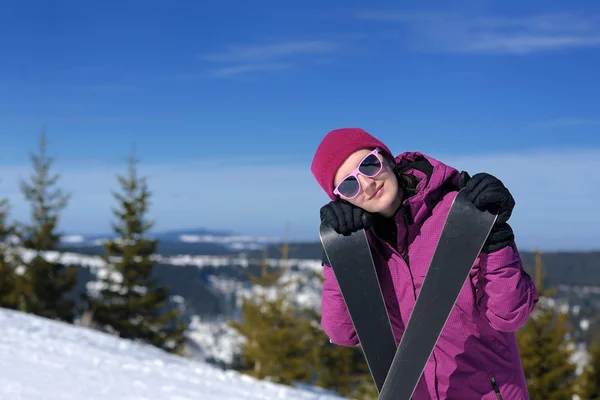 Inverno mulher esqui — Fotografia de Stock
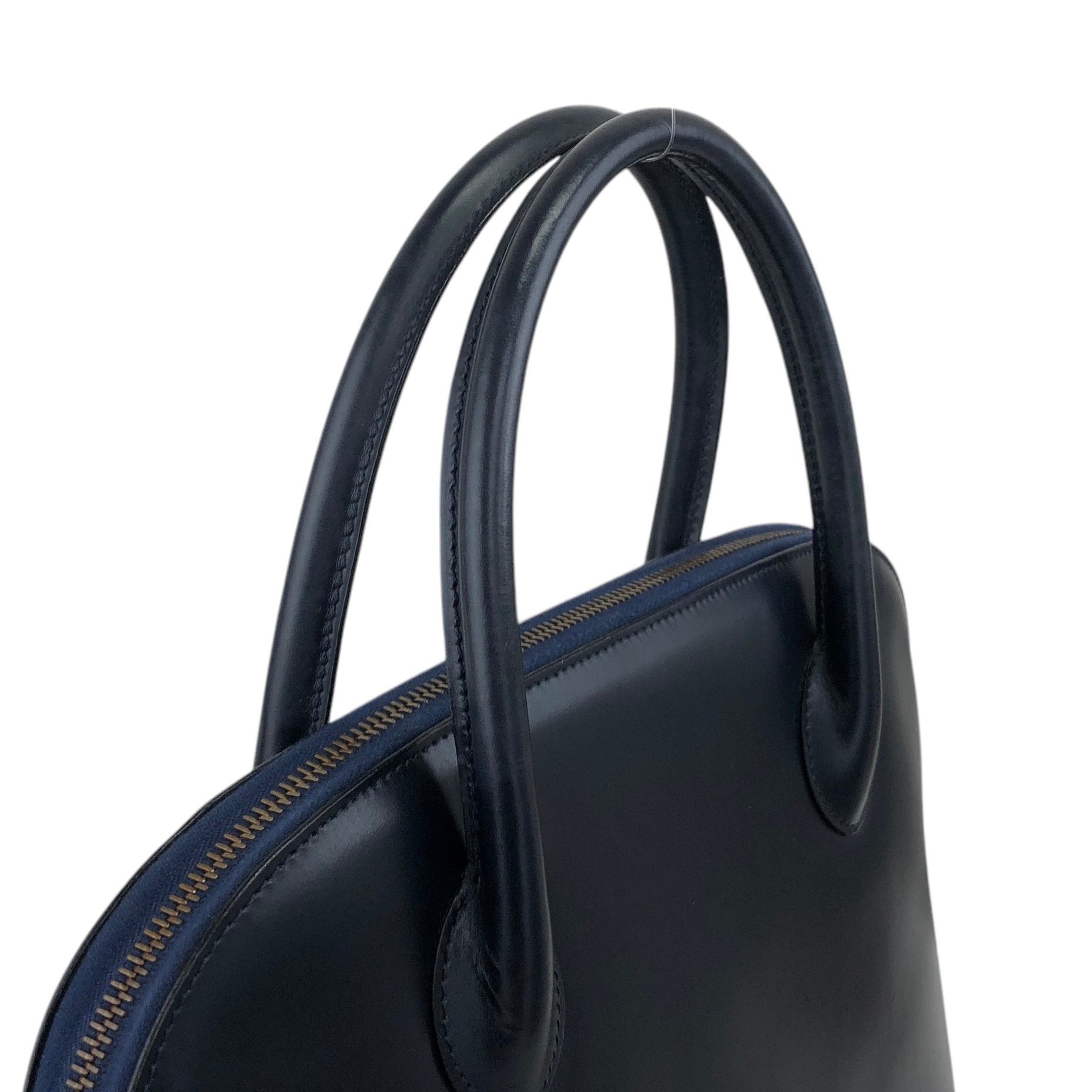 CELINE セリーヌ ハンドバッグ ネイビー ガンチーニ レザー vintage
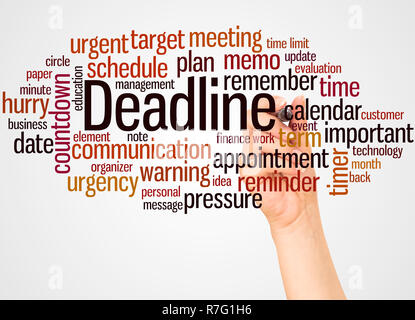 Deadline word cloud and hand with marker concept on white background. Stock Photo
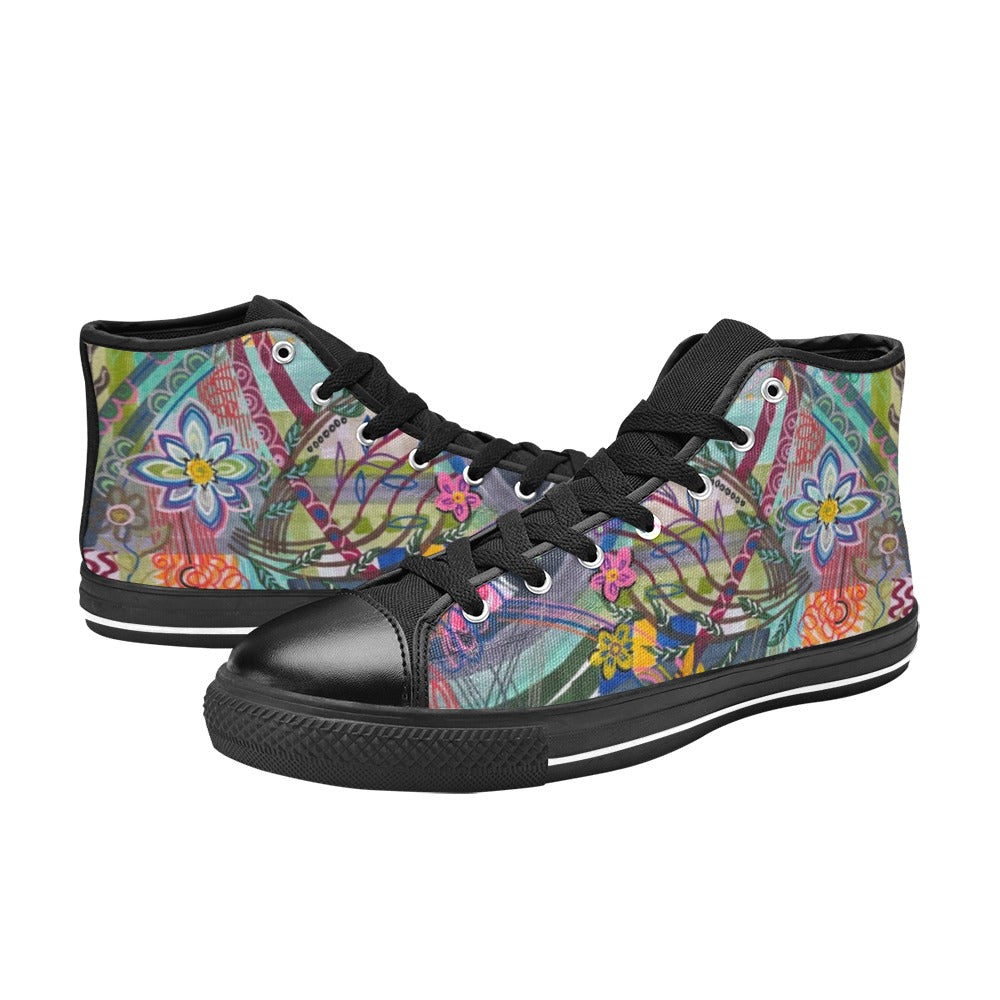Colorful Currents Tilly kids' high top canvas shoes with floral abstract design and black rubber sole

> [Your assignment] Exactly as written, give again every line from the one containing "CELINE セリーヌ ハンドバッグ ネイビー ガンチーニ レザー vintage" through the last line of the material, both included, with the pictures left out.

> [Task response]
 CELINE セリーヌ ハンドバッグ ネイビー ガンチーニ レザー vintage
 Deadline word cloud and hand with marker concept on white background. Stock Photo
Colorful Currents Tilly kids' high top canvas shoes with floral abstract design and black rubber sole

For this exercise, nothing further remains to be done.